Tous les sous-traitants du numérique ont été touchés. A l’instar du RGPD en Europe, et du CCPA aux Etats-Unis, la Chine a mis en place une «Personal Information Protection Law» (PIPL), qui est un équivalent. Résultat, plus personne n’a le droit de sortir la donnée du pays, et leur utilisation est beaucoup plus encadrée. Nous, nous sommes implantés sur le territoire depuis longtemps. Netbooster, que nous avons racheté il y a cinq ans, était déjà implanté là-bas. Nous avons pu être consultés en amont de la loi, ce qui nous a permis de savoir à quelle sauce on allait être mangé. Cela n’a pas eu d’impact sur le projet financier. Au contraire, cela a conforté nos positions en tant qu’expert sur place. Nous sommes la seule entreprise indépendante non-chinoise partenaire Databank pour Alibaba. Cela nous permet de faire des croisements de données, de récupérer des informations granulaires sur qui consulte les produits Alibaba. Sur toute la base, nous avons accès à 1000 data points par utilisateur. Avec cette certification, nous faisons partie des premiers fournisseurs de données en Chine.

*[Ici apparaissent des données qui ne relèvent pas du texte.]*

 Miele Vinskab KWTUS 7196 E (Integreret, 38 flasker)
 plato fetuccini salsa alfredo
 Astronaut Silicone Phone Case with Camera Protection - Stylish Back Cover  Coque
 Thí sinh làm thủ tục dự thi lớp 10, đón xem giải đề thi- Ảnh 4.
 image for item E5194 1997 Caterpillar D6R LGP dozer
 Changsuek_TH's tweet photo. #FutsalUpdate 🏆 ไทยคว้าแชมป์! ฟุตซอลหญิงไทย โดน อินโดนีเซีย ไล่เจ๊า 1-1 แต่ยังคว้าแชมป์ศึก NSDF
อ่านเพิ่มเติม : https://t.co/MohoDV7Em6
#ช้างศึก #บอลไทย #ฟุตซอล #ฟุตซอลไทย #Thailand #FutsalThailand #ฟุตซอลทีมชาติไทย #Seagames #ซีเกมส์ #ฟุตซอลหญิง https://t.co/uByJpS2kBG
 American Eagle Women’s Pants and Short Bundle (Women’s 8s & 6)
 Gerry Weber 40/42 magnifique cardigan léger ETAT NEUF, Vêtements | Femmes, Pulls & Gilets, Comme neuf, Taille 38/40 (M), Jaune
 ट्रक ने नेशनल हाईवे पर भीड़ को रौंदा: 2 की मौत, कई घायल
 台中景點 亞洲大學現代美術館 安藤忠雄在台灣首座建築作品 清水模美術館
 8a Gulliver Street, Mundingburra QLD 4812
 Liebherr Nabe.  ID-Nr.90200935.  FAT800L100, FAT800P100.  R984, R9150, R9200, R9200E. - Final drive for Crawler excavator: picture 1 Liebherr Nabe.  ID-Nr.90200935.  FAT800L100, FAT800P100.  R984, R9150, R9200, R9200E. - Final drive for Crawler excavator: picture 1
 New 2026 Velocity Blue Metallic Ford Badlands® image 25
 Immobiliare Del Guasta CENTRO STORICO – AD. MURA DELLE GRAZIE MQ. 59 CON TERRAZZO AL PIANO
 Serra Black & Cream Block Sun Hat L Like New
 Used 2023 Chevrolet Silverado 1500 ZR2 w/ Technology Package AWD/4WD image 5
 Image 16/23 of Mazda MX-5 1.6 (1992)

Vous avez annoncé que le management participait aussi à l’opération financière. Qu’en est-il exactement ?

Nous sommes tous réinvestisseurs dans ce mouvement, et avons participé à l’opération. C’est un gage de stabilité et d’engagement pour les équipes. Cela faisait partie du deal. Ce qu’ont acheté Ardian et Cathay, c’est avant tout la continuité stratégique. Il fallait que l’on reste associés et aux commandes. L’objectif est ainsi vraiment de faire grandir la boîte à long terme.

En chiffres

800. Nombre d'employés.

15. Nombre de bureaux dans le monde.

330 million d'euros. Valeur de l'entreprise à la date de fin de cotation.